Open emanueleromito opened 9 months ago
Thanks for the report!
I think it'd be awesome if we provided an easily-accessible escape hatch to view the raw CMR results that earthaccess queried for situations like this where our assumptions don't line up with end-users' use cases. Without the escape hatch, users have to wait to use earthaccess until we adapt to support their use case. With the escape hatch, they can begin using earthaccess with a minor "hack" and later on remove it when we support their use case fully.
What do you all think? I don't think we currently support this, but maybe we do, I just didn't find it in the docs and am not planning on source diving today :)
I'm thinking the implementation might be DataGranule
having a .raw
or .cmr_json
attribute/property that contains the parsed JSON from CMR for that granule. Same for collections!
Hi @emanueleromito,
All that information is still available in the results, earthaccess
is only accessing part of it. To get to the XML companion files we can do something like this:
import earthaccess
earthaccess.login()
results = earthaccess.search_data(
short_name="MCD12Q1",
count=10
)
for granule in results:
print(granule["umm"]["RelatedUrls"])
all the granules have a "meta" and a "umm" dictionaries with all the data we need. If you want to filter only those XML and hdf we can download them with:
links = []
for granule in results:
urls = [link["URL"] for link in granule["umm"]["RelatedUrls"] if (link["URL"].endswith((".xml", ".hdf")) and link["URL"].startswith("https"))]
links.extend(urls)
earthaccess.download(links, "./MCD12Q1")
and that's it, let us know if this works for you.
all the granules have a "meta" and a "umm" dictionaries with all the data we need.
Awesome! This does appear to be undocumented. Or perhaps a limitation of search. I'm thinking we could use a how-to on this. Or perhaps we should expose those as properties that will be picked up by our API autodoc setup? Or both. #368
I'm currently using the earthaccess library to access MODIS data in my project. In my workflow, I use both HDF paths and the XML paths associated with the HDF files.
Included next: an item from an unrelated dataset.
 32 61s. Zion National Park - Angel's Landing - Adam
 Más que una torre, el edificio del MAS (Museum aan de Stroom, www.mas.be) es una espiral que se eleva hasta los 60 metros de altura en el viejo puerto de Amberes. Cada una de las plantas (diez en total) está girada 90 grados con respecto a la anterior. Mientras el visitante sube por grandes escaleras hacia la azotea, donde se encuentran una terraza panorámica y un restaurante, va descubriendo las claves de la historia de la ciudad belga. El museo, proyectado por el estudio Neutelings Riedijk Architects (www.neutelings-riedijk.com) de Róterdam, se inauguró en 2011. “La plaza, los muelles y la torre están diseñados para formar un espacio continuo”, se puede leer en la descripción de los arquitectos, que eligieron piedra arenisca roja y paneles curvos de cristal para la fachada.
However, when I use the search_data function from the library, the results only provide the HDF paths.
And what I get is:
['https://data.lpdaac.earthdatacloud.nasa.gov/lp-prod-protected/MCD12Q1.061/MCD12Q1.A2001001.h01v09.061.2022146025902/MCD12Q1.A2001001.h01v09.061.2022146025902.hdf']
This is certainly fine, but it would be nice to have an option that gives you access to the .xml-related file also, or at least the capability to download that file passing the DataGranule related to the hdf file.